Let’s look at the distribution of Survived_pred:
test.Survived_pred.hist();
As it turned out, setting my threshold to 0.6 created a better result: Score: 0.74162. (this I could not reproduce with this notebook while writing up the blog post)
Also more training, produced better results, running for 50 cycles, resulted in a lower loss and a better result. Training with 50 cycles and threshold 0.7, this was the result: Score: 0.76794 (with this notebook 0.77033)
So there is some randomness when training, and it is important to properly interpret the results. Getting about 77% right with this simple approach is not to bad.
Re-Implementing the Excel Model
After the quick win with Fast.AI, I decided to re-implement what Jeremy did in the Excel in video lecture 3 to predict the survivors. Let’s see how it performs against the Fast.AI tabular learner.

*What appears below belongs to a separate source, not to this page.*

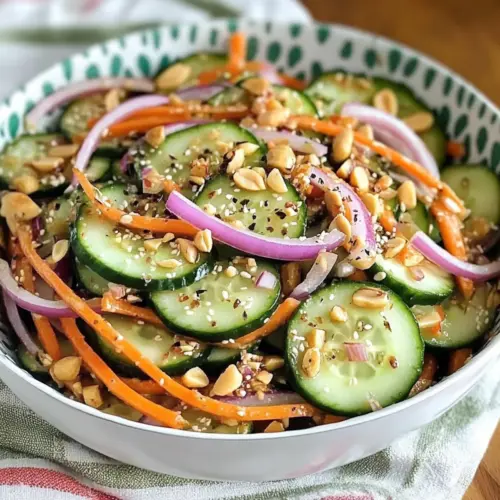 Garlic Soy Cucumber Salad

Since that involved quite a bit of code, let me simply link to notebook and discuss the learnings / results.
As it turned out:
I had to do a bit of data cleansing.
The feature engineering took some time which taught me some general python lessons.
The first model with just one layer scored 0.75837, even better than the my Fast.AI baseline, but not quite as good as the optimized version.

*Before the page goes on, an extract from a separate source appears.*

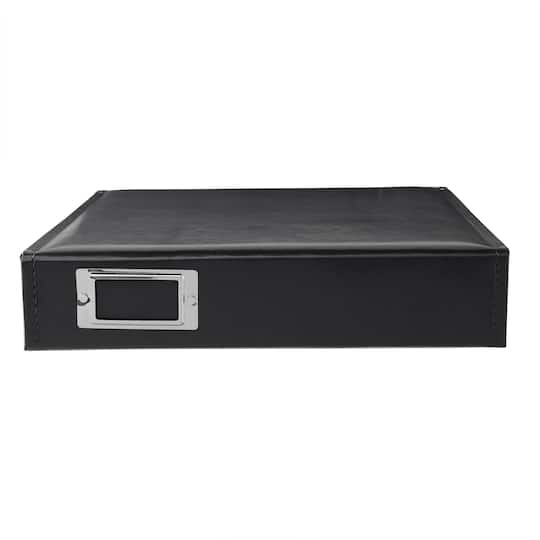 Leather D-Ring Scrapbook Album by Recollections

The next iteration with 2 and 3 layers scored better:
Score: 0.77033 (2-layers)
Score: 0.77272 (3-layers)
This was quite surprising: The self-written algorithm is better than the Fast.AI one, any ideas why that would be?
Nonetheless, it seems to hit a ceiling at 77%, and it would make sense to dive deeper into tabular data, but that is for another time. My goal was not to optimize the competition result, but to participate in my first kaggle competition, and to re-visit the topic of gradient descent and matrix multiplication. I will most likely return to this dataset/challenge in the future.